**Provided information:**
──────────────────────────────

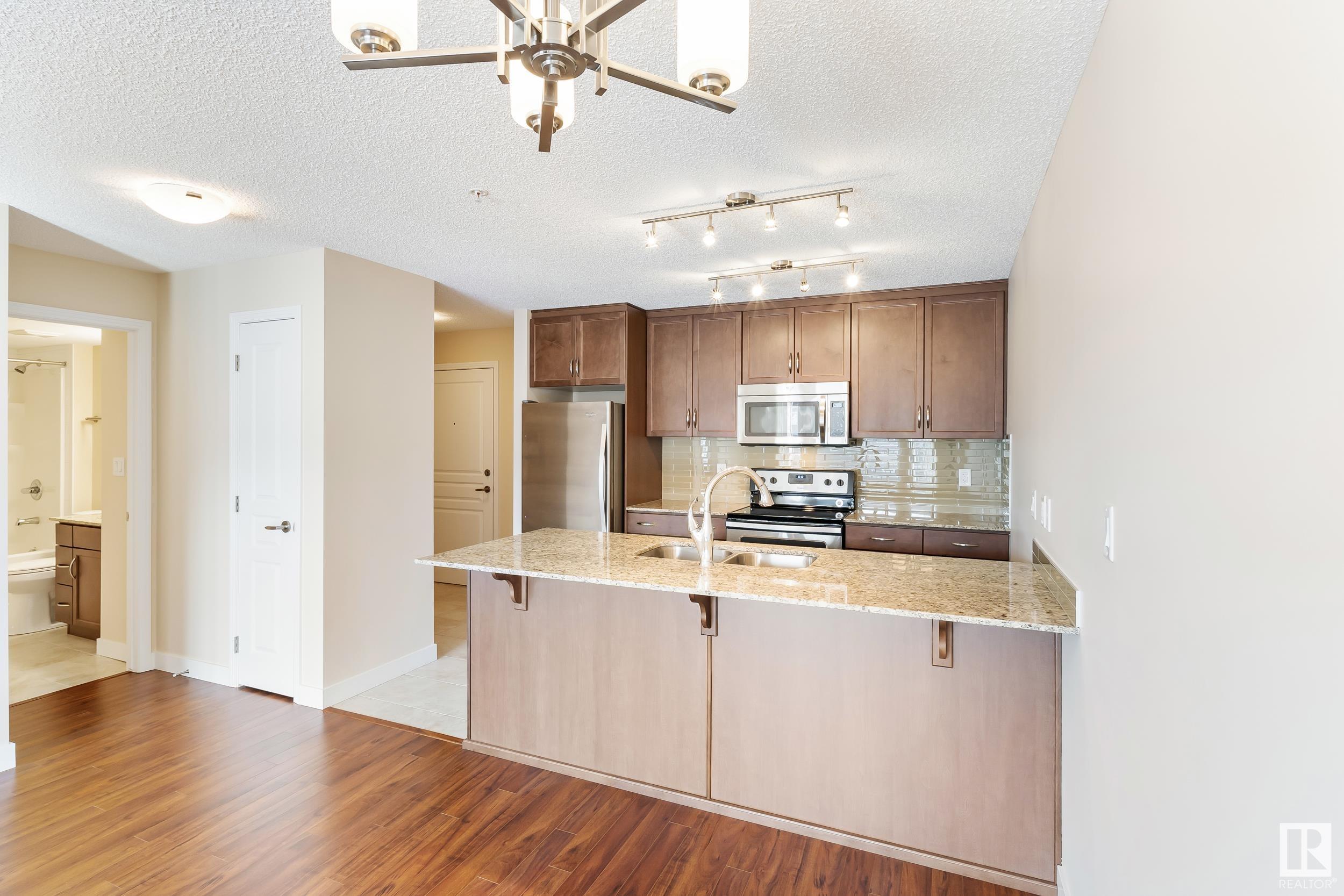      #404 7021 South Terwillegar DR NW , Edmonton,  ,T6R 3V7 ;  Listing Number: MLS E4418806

──────────────────────────────

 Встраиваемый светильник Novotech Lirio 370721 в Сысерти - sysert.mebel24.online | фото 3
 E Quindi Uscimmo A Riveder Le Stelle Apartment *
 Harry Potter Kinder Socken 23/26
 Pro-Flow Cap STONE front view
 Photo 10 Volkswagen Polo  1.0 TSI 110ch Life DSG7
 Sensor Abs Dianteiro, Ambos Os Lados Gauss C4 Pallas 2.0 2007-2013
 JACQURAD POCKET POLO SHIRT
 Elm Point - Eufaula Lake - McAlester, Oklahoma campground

──────────────────────────────

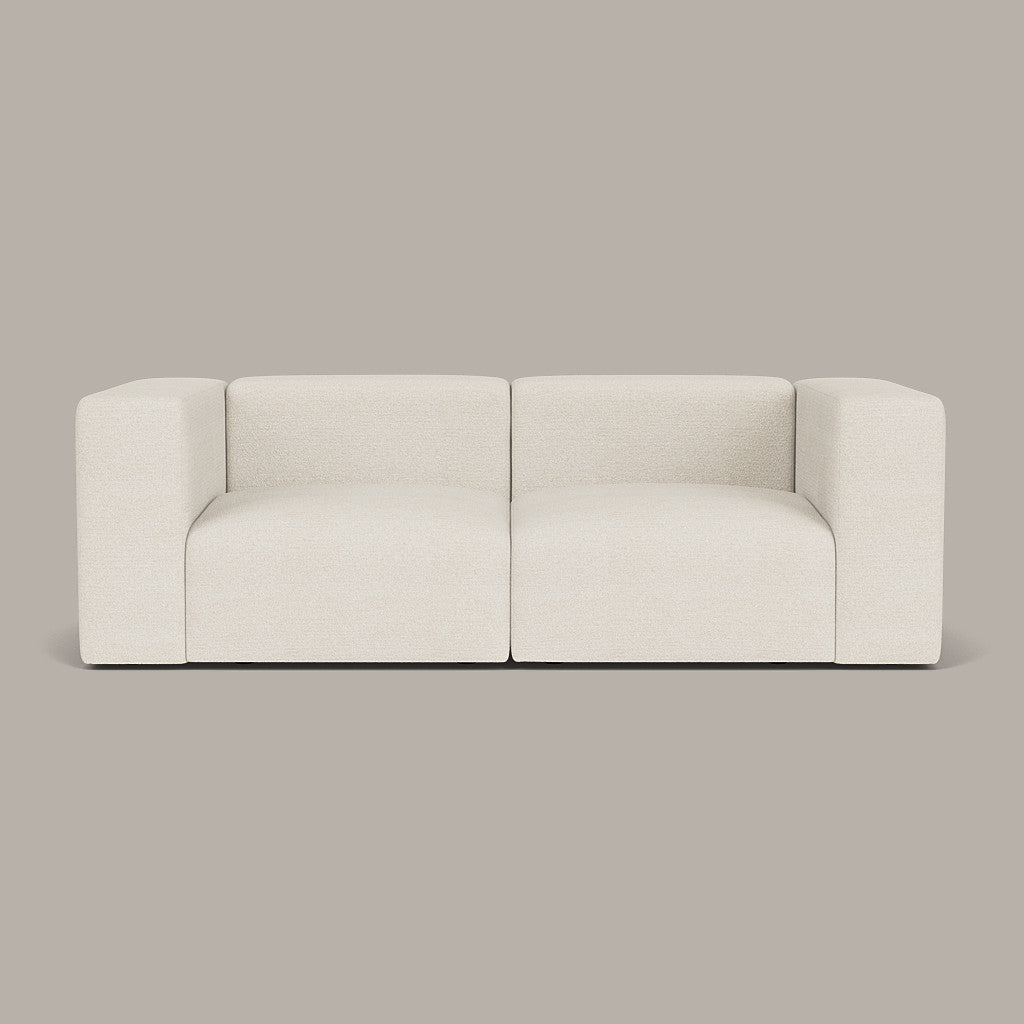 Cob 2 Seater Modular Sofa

──────────────────────────────

**Task:** Using the listing above, copy exactly the line that contains "Sensor Abs Dianteiro, Ambos", the line that contains "Elm Point - Eufaula", and each line that falls between them.

**Exercise solution:**
 Sensor Abs Dianteiro, Ambos Os Lados Gauss C4 Pallas 2.0 2007-2013
 JACQURAD POCKET POLO SHIRT
 Elm Point - Eufaula Lake - McAlester, Oklahoma campground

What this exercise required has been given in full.